** INPUT DATA follows **
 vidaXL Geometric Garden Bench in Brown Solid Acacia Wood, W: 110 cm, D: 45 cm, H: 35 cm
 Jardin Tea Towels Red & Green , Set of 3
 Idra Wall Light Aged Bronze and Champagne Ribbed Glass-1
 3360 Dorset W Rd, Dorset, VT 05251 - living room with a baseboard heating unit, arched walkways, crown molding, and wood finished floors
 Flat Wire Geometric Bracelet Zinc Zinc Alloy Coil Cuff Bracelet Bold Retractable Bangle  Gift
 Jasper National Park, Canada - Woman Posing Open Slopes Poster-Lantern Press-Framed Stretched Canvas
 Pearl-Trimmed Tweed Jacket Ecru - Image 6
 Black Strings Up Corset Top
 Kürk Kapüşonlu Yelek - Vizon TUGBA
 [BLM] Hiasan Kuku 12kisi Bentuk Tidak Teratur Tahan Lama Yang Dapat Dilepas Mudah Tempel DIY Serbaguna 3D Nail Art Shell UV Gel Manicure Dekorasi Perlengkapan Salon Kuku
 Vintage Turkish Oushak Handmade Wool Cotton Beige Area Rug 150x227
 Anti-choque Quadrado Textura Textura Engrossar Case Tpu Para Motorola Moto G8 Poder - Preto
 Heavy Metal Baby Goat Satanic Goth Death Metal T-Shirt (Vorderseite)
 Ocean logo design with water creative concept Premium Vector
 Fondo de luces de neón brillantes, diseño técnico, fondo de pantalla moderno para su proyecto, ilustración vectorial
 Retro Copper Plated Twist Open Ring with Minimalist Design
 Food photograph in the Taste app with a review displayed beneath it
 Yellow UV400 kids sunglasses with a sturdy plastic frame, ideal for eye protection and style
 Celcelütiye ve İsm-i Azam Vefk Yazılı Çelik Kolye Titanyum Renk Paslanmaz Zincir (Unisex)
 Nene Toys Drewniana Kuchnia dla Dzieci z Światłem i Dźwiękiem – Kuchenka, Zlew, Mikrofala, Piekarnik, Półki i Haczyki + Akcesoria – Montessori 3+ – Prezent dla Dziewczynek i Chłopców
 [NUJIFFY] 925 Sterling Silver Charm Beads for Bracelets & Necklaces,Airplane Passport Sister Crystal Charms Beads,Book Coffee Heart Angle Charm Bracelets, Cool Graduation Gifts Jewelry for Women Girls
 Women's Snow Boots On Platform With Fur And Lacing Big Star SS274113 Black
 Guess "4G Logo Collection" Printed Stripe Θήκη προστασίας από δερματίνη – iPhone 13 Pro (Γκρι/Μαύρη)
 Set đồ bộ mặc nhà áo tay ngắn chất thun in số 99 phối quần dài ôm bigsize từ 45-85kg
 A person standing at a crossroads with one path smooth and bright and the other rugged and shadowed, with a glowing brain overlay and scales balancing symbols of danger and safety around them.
** End of INPUT DATA **
Recopy all the entries faithfully, leaving none out.

- **COMPLETED EXERCISE**
 vidaXL Geometric Garden Bench in Brown Solid Acacia Wood, W: 110 cm, D: 45 cm, H: 35 cm
 Jardin Tea Towels Red & Green , Set of 3
 Idra Wall Light Aged Bronze and Champagne Ribbed Glass-1
 3360 Dorset W Rd, Dorset, VT 05251 - living room with a baseboard heating unit, arched walkways, crown molding, and wood finished floors
 Flat Wire Geometric Bracelet Zinc Zinc Alloy Coil Cuff Bracelet Bold Retractable Bangle  Gift
 Jasper National Park, Canada - Woman Posing Open Slopes Poster-Lantern Press-Framed Stretched Canvas
 Pearl-Trimmed Tweed Jacket Ecru - Image 6
 Black Strings Up Corset Top
 Kürk Kapüşonlu Yelek - Vizon TUGBA
 [BLM] Hiasan Kuku 12kisi Bentuk Tidak Teratur Tahan Lama Yang Dapat Dilepas Mudah Tempel DIY Serbaguna 3D Nail Art Shell UV Gel Manicure Dekorasi Perlengkapan Salon Kuku
 Vintage Turkish Oushak Handmade Wool Cotton Beige Area Rug 150x227
 Anti-choque Quadrado Textura Textura Engrossar Case Tpu Para Motorola Moto G8 Poder - Preto
 Heavy Metal Baby Goat Satanic Goth Death Metal T-Shirt (Vorderseite)
 Ocean logo design with water creative concept Premium Vector
 Fondo de luces de neón brillantes, diseño técnico, fondo de pantalla moderno para su proyecto, ilustración vectorial
 Retro Copper Plated Twist Open Ring with Minimalist Design
 Food photograph in the Taste app with a review displayed beneath it
 Yellow UV400 kids sunglasses with a sturdy plastic frame, ideal for eye protection and style
 Celcelütiye ve İsm-i Azam Vefk Yazılı Çelik Kolye Titanyum Renk Paslanmaz Zincir (Unisex)
 Nene Toys Drewniana Kuchnia dla Dzieci z Światłem i Dźwiękiem – Kuchenka, Zlew, Mikrofala, Piekarnik, Półki i Haczyki + Akcesoria – Montessori 3+ – Prezent dla Dziewczynek i Chłopców
 [NUJIFFY] 925 Sterling Silver Charm Beads for Bracelets & Necklaces,Airplane Passport Sister Crystal Charms Beads,Book Coffee Heart Angle Charm Bracelets, Cool Graduation Gifts Jewelry for Women Girls
 Women's Snow Boots On Platform With Fur And Lacing Big Star SS274113 Black
 Guess "4G Logo Collection" Printed Stripe Θήκη προστασίας από δερματίνη – iPhone 13 Pro (Γκρι/Μαύρη)
 Set đồ bộ mặc nhà áo tay ngắn chất thun in số 99 phối quần dài ôm bigsize từ 45-85kg
 A person standing at a crossroads with one path smooth and bright and the other rugged and shadowed, with a glowing brain overlay and scales balancing symbols of danger and safety around them.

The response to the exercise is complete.